The two of them watched the older doctor as he headed back down the hall, calling out hellos to other staff members as he went.
“Maybe if you talk to him you can get him to change his mind,” Ian said as he turned back to her.
“Me? It’s your fault. You talk to him,” she said. “But I can tell you you’ll be wasting your time.”
“None of this is my fault,” he said. He looked down at his watch, then back up to her. “And now I’m running late for a case. Talk to him. Make him see reason. Tell him we’ll play nice together.”
She couldn’t help but smile at his comment.
“Hmm... Didn’t you tell me just the other day that you didn’t play with your colleagues?”
He gave her a look so sharp that it would have drawn blood—except for the fact that she dealt with traumatized teenagers on a daily basis. It would take a lot more than a look to intimidate her.

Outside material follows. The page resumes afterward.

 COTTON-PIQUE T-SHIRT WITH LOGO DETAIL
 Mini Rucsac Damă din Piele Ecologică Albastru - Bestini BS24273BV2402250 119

“Again, this is not my fault,” she said. “If you want to risk it, talk to him yourself. Dr. Guidry is a teddy bear most times, but break one of his rules and the teddy bear turns into a great big grizzly—and a hard-headed one at that. If I was you I’d just accept your sentence and deal with it. Which is exactly what I intend to do.”

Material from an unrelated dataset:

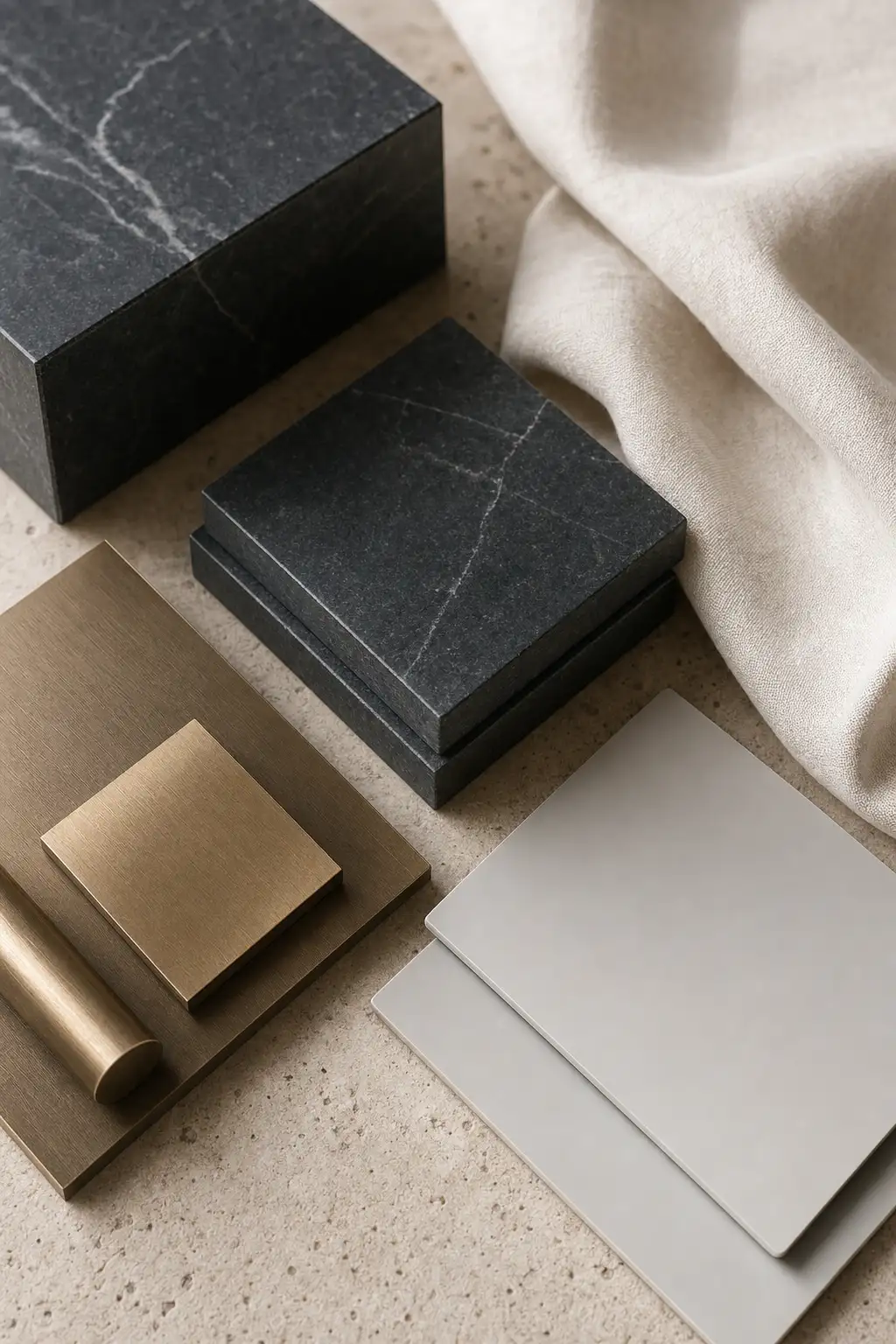 Raw industrial material samples arranged minimally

She watched as the man walked off, muttering something about busybody doctors and nosy psychiatrists. She hadn’t been nosy—though she’d wanted to be after the way he had gone off after her comment concerning Sarah’s parents.
Did he really think she was judging them? She would never presume to understand what the little girl’s parents were going through, but there had been enough anguish in Ian to know that he did relate to Sarah’s parents. It was the first time in the five months they’d been working together that she had seen any true emotion in the man. But why?
Had he lost a patient in surgery who haunted him? Or was it someone closer? Had he lost a sister or a brother? She had heard that he was divorced, but she’d never heard anything about him having children.
Whatever it was that had caused the pain she had heard in Ian’s voice, it had been traumatic and he was still suffering from it. And even after the way he had acted she couldn’t help but be concerned for him. He was hurting and he needed help. She knew he’d never ask for it, but maybe if she could get him to trust her, he would open up to her.
The idea of working with him on the hospital’s Mardi Gras float was actually sounding good now. It was exactly what the two of them needed so they could begin to work together—and if in doing so she found a way to help Ian, then that would be even better.